Fashion icon Dame Vivienne Westwood shows support for anti-fracking campaigners in Lancashire

0
Have your say

London fashion icon Dame Vivienne Westwood visited Cuadrilla's fracking site to show support for campaigners hoping to stop the shale gas industry.

The fashion designer was at the Preston New Road drill site near Little Plumnpton with her son Joe Corré who is an environmental activist and delivered a political message to a large group of supporters.

Dame Vivienne Westwood and her son Jo Corre with banners she helped design at the Preston New Road fracking site near Little Plumpton

Dame Vivienne Westwood and her son Jo Corre with banners she helped design at the Preston New Road fracking site near Little Plumpton

She told them that fracking had to be stopped for the sake of the planet as more fossil fuel extraction would only make global warming worse and leave the world facing global catastrophe in a generation.

And she danced to ABBA's Dancing Queen to mock Prime Minister Theresa May who also danced to the hit on the stage at the Conservative Party Conference earlier this month.

Dame Vivienne said: "We are supposed to believe in the rule of law but we have seen here that the law is only there to protect the Tory Government, its friends and cronies.

"This visit is also about freedom to protest. We have seen here that if you are going to protest about government misrule like we have seen with fracking, then you are going to be put in prison.

"I have a message to Theresa May. We we have the Lancashire Nanas and the aunties protesting against fracking, she is just anti, anti-people, anti-world and anti-lives. If we do not act now to cut greenhouse gases we are in danger of mass extinction, probably within a generation. Fracking is a part of that.

"Fracking is not really about power, it is about powering the pockets of the people behind it. It is so heavily subsidised, it is just there for the investors."

Her son Joe Corré also addressed the crowd gathered at the gates of the Little Plumpton site, where shale gas exploration company Cuadrilla this week began fracking the two wells it has drilled there.

He spoke about the three anti-fracking protesters who were jailed this month for lorry surfing at the site which caused a disruption to traffic on the A583 for four days.

He said: "Britain's Democracy has been run roughshod over by the Tories who are defying local government objection to fracking to instead stand up for the dying oil and gas industry and breach our Paris climate change objectives".

"The man they did it all for, Brexiteer Jim Ratcliffe, Britain's richest man worth £20bn according to the Sunday Times Rich List 2018, and owner of INEOS, the petrochemicals #Fracking4Plastic monster, has repaid the Tory's steadfast loyalty by leaving the country and become a tax exile in Monaco.

"Scotland, Wales, Ireland, France and Germany have all had proper debates on fracking and rejected it.
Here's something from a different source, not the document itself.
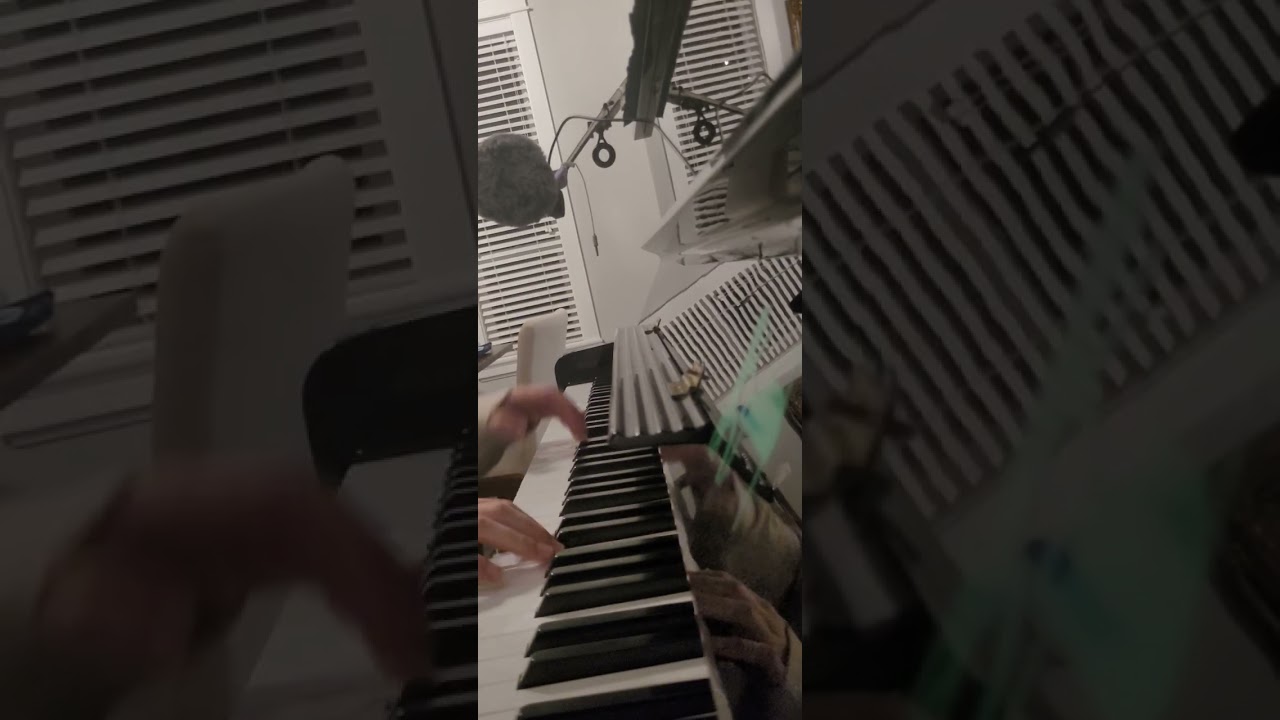 tick tack 🕑 bubblegum 🍭 -- illit x newjeans piano covermashup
England alone has not debated it and the Government has just forced it through despite local democratic opposition.

"The Conservative Government is now isolated as the only main political party waving the last and final flag of air polluting fracking".

"But now even Tory politicians are seeing sense and are coming out against it.

"Our message to the three protesters jailed is one of support. The jailing was a disgrace. I hope they win their appeal this week."

But Lancashire For Shale which supports the fracking industry, believing it will bring jobs, a boost to the economy and a home grown gas supply for energy and resources, criticised the visit.

A spokesman said: "The hard working people and businesses of Lancashire deserve the chance to benefit from the opportunities that a successful shale gas industry will be responsible for - opportunities that this poorly informed, politically motivated millionaire seems to want to deny them.

"It's also rather ironic that she should come here to criticise the environmental credentials of UK shale gas considering that the fashion industry is one of the top five most polluting industries in the world.

"According to Lucy Seigle, a journalist specialising in environmental issues, the fashion industry 'lures us into buying more clothes than we need' at a considerable cost to the planet."